Last year the second largest adoption agency in Korea ran out of EP's in April. This year? They're now officially backed up an entire year. They're reporting that anyone who received a referral through that agency after December of 2010 will not be issued an EP until sometime after the new year in 2012. That means that people will be given the photo and info of their beautiful baby and then they will wait 12-14 months before they can actually go bring that baby, who will no longer BE a baby, home for no other reason than the fact that the Korean government refuses to grant them the permit that would allow them to leave the country. Babies are not referred for international adoption until they're at least 5 months old. If they're matched with a family at 5 months and they have a minimum 12 month wait to come home, that means that the child will be 17 months old at the very earliest before they can finally join their family. In the meantime they spend those 17+ months old in foster care, bonding with a family they will have to be seperated from.

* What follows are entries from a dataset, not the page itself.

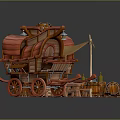 Vintage Red Carriages With Canvas Awnings Wooden Wheels And Small Tables
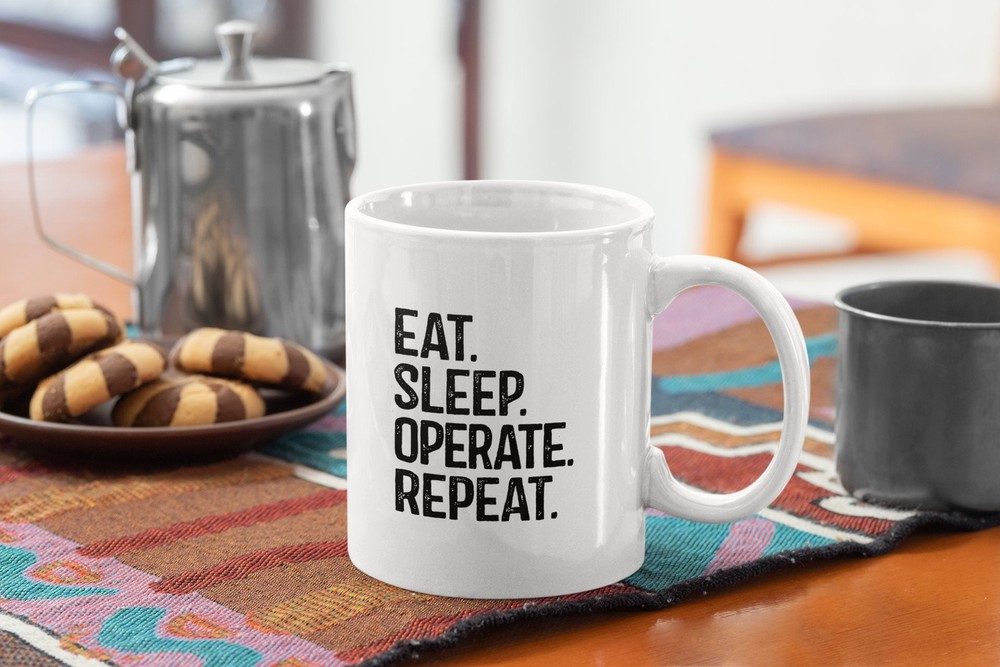 Surgeon Funny Coffee Mug Eat Sleep Operate Repeat - White Coffee Mug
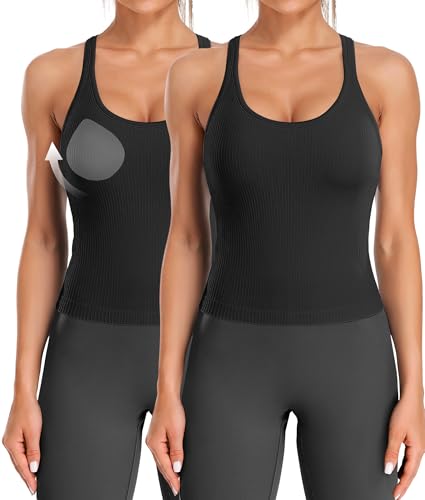 Image of ATTRACO Ribflex Ribbed Workout Crop Tops with Built in Bra for Women Yoga Racerback Tank Top Slim Fit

That is absolutely unacceptable. This doesn't personally affect our adoption, of course, because our daughter came home a long time ago. But it makes me angry for all those families who are waiting month after month for their child to join their family. It makes me angry for those babies who will have to go through the trauma of being seperated from their foster families after so much time. It makes me angry for the wonderful foster parents who will grow that much more attached to the babies they eventually have to pass on to their families. Seperating Clarissa from her foster parents was one of the most difficult moments of my life and Clarissa was only 8 months old. I can't even imagine trying to do the same thing with an 18 month old.
Something has got to change. The Korean government has got to put a stop to the EP quota. In an effort to make their numbers look pretty they're making the situation much worse for the children and the Korean people really have no idea this is going on. It's time for them to stop trying to save face and start working in the best interest of the children. More Koreans are adopting every year and in time the numbers will get better on their own. I truly believe that there will eventually be no need for an international adoption program in Korea and that will be a wonderful thing, but it needs to happen naturally, not because the Korean government forced the numbers.
Truthfully I don't really know what I can do about it, other than rant about it on my blog. The Korean government certainly doesn't care what I think of their EP quota. But I think people need to know what's going on. I think the Korean people especially need to know what's going on. Orphaned children need homes and if there are homes available to them they need to be placed in those homes ASAP. There's no time to discuss whether those homes should be in Korea or overseas when there are actual children waiting for families.
I pray for those children waiting for families and for the wonderful people waiting to adopt them. I hope that the Korean government recognizes the problem and works to correct it and those children can join their forever families soon. Something has got to change.